Jordan, under public pressure after a recent Hezbollah-Israel prisoner swap deal, freed four inmates handed over by Israel last year to finish their sentences at home, officials said.
The move has angered Israeli diplomats who say it breaches the terms of a deal last July when the four -- who were serving life sentences for killing Israelis -- were to spend 18 months in a local prison before their release.
The four -- Sultan Ajlouni, Amin Sanae and Khaled and Yousef Abu Ghaleon -- were convicted of two separate cross border incidents in which two Israelis were killed, officials say.

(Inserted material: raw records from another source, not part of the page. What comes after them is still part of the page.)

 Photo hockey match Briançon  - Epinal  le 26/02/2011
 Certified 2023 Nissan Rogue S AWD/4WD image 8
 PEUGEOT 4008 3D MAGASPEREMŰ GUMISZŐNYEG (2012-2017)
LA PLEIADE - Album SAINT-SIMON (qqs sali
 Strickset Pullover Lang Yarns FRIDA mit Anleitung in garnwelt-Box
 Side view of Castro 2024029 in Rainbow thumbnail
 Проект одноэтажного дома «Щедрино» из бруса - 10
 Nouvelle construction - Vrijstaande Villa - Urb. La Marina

Jordanian officials at the time said the deal was a breakthrough after years of negotiations with successive Israeli governments opposed to handing over Arab inmates deemed to "have blood on their hands."

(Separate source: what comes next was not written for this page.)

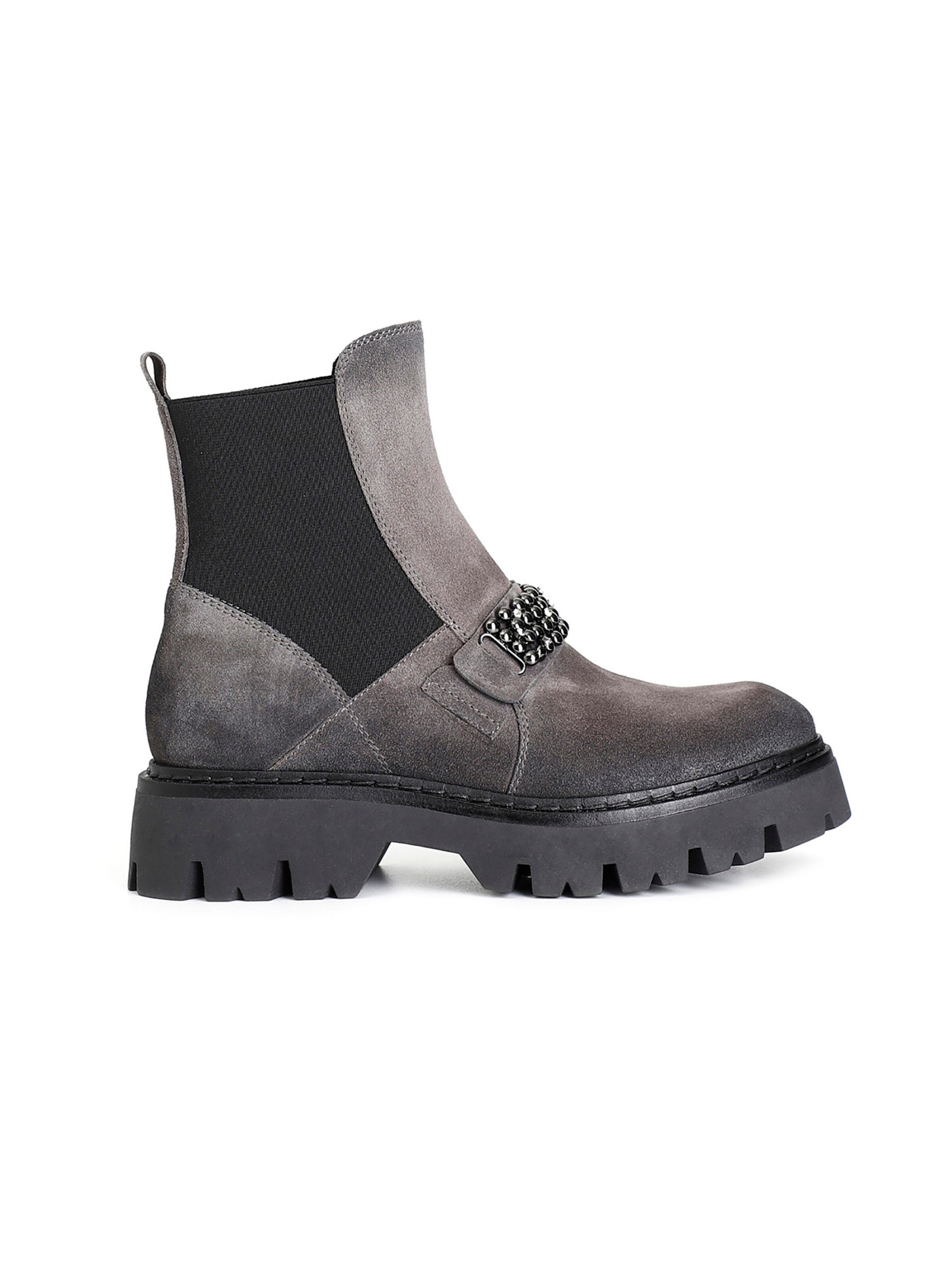 Stivaletto di CAFè NOIR in grigio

They insist the deal allows an immediate release of the prisoners if Israel agreed to free Palestinians or Arabs serving life sentences for militant attacks in any future prisoner swap with Hezbollah or Hamas.
The Jordanians were convicted in Israel after infiltrating from the kingdom to the occupied West Bank in 1991 and staging attacks against army outposts and Jewish settlers.

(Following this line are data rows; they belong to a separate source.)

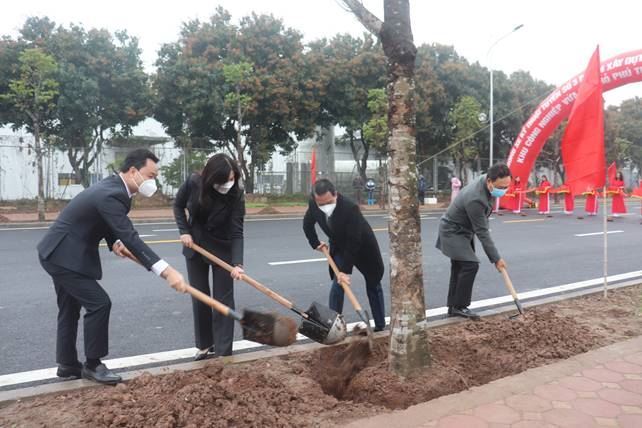 Huyện Gia Lâm phát động “Tết trồng cây đời đời nhớ ơn Bác Hồ” Xuân Nhâm Dần 2022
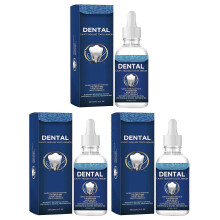 (3pcs)Tooth whitening serum for coffee stains Soothes sensitive gums & teeth. Prevent confidences enhancement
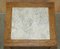 Mesa de preparación de alimentos con superficie de mármol y madera de ostra de Laburnum, Imagen 11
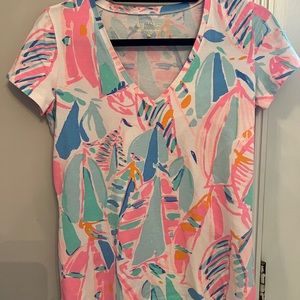 Lilly Pulitzer Michelle T-Shirt - Small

Israel accepted the deal as a gesture to Amman which in 1994 became the second Arab country after Egypt to sign a peace treaty with the Jewish state.
The release reduces the pressure on the government, criticised by some independent politicians and the Islamist-led opposition for agreeing to the deal they see as humiliating.
Many Jordanians see the prisoners as heroes resisting Israel's occupation of Arab land. The Islamist-led opposition are lobbying for the release of another 30 Jordanians held in Israeli prisons on security related charges.